_Dataset section_
======
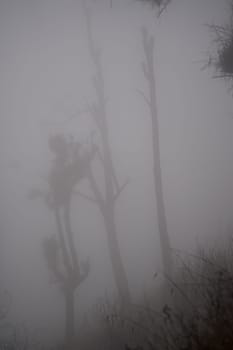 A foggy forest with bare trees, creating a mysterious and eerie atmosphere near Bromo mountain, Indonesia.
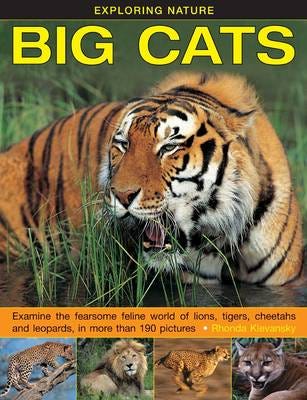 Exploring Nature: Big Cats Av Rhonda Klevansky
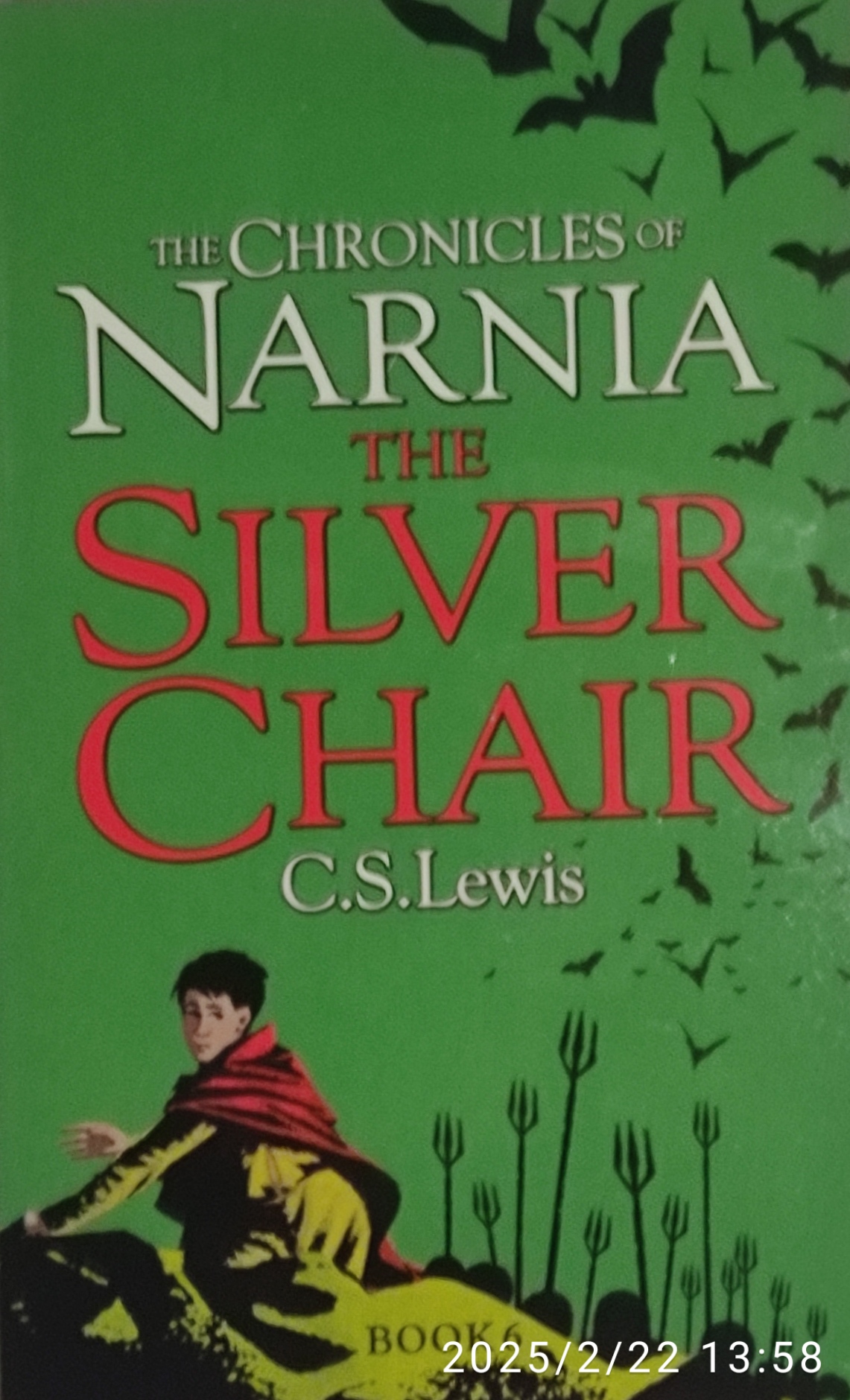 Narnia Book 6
======
_Prompt_
Repeat nothing but the lines from the one containing "Exploring Nature: Big" through the last line of the listing, both included, exactly as written, and omit any picture.

_Written answer_
 Exploring Nature: Big Cats Av Rhonda Klevansky
 Narnia Book 6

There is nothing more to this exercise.